厚生年金と国民年金は老後に受給できる年金ですが、受給するには一定の受給要件を満たす必要があることをご存じでしょうか。
受給開始年齢になると誰でも無条件に受給できるというわけではなく、決められた条件を満たしている必要があるのです。
受給開始年齢になってから慌てることのないように、国民年金と厚生年金の受給要件についてしっかりと理解しておきましょう。
また、老齢年金をあまりもらえない場合に役立つ老後対策もご紹介しますので、老後資金の準備にお役立てください。
1. 国民年金(老齢基礎年金)の受給要件
国民年金(老齢基礎年金)は、自営業や個人事業主、専業主婦などが老後に受け取る年金です。
国民年金を受給するためには、受給資格期間が10年以上あることと、原則として65歳以上であることの2つの受給要件を満たす必要があります。
1.1 受給要件1.受給資格期間が10年以上ある
国民年金を受給するためには、受給資格期間が10年以上あることが条件です。受給資格期間には「保険料を納付した期間」だけでなく、「保険料の免除を受けた期間」や年金額には反映されない「合算対象期間」なども含まれます。
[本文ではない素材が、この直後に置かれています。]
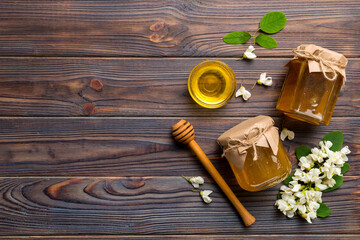 honey jar with acacia flowers and leaves. fresh honey top view flat lay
なお、平成29年7月31日までは25年以上の受給資格期間が必要でしたが、平成29年8月1日からは法改正により10年に短縮されています。
1.2 受給要件2.原則として65歳以上である
国民年金は、原則として65歳から受給開始となります。なお、65歳以降に受給資格期間の10年を満たした場合は、受給資格期間を満たしたときから国民年金を受給することが可能です。
また、国民年金では「繰上げ受給」と「繰下げ受給」を選択することもできます。「繰上げ受給」は、60歳から65歳までの間に繰上げ受給する年金で、早期受給が可能な反面、年金額は減額されます。
一方、「繰下げ受給」は66歳から75歳(※)までの間に繰下げて受給する年金で、受給開始時期は遅くなりますが、増額された年金を受給できます。